合計特殊出生率 青森県1.30に上昇(2009/06/04)
青森県の合計特殊出生率と出生数の推移
 女性1人が生涯に産む子供の推定人数を示す合計特殊出生率で、2008年の青森県は1・30となり、過去最低だった前年から0・02上がったことが3日、厚生労働省の人口動態統計(概数)で分かった。ただ、全国平均(1・37)も上昇したため、差は0・07(前年0・06)に広がった。青森県の全国順位も前年同様、ワースト10位と依然、下位にとどまっている。
 出生数は1万187人で、25人増えた。前年より増加したのは06年以来。
 青森県の合計特殊出生率は、06年に初めて全国平均を下回り、その差は拡大傾向にある。
 人口1千人当たりの出生率も全国平均の8・7を下回る7・3で、秋田県に次ぐワースト2位だった。
 岩手県の合計特殊出生率は2年前から変わらず1・39で、出生数は1万223人。
 一方、青森県の婚姻件数は6401組(前年6405組)、人口1千人当たりの婚姻率は前年同様4・6で、全国42位(同44位)となった。

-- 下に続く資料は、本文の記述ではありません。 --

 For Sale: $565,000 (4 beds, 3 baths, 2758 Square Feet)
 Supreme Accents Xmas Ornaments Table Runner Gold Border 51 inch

 離婚件数は2828組(同3014組)、離婚率は2・04と0・11下回ったが、全国ワースト10位(同ワースト7位)と依然、高い水準。
 合計特殊出生率の上昇について、青森県健康福祉部は「単年だけを見て、少子化に歯止めがかかったとは言えない」と説明。
 その上で、今後も少子化対策として「子育て支援のほか、若年層のために産業、雇用分野の施策に重点的に取り組んでいく」と強調している。

  合計特殊出生率
 15〜49歳の女性の人口と、それぞれが1年間に産んだ子供の人数を基に、年齢別の出生率を算出し、合計した数値。1960年代から70年代前半までは2前後で推移していたが、75年に2を割り込んで低落傾向になり、2005年には過去最低の1・26を記録した。晩婚化や未婚化などが原因とみられる。人口維持に必要とされる水準は2・07。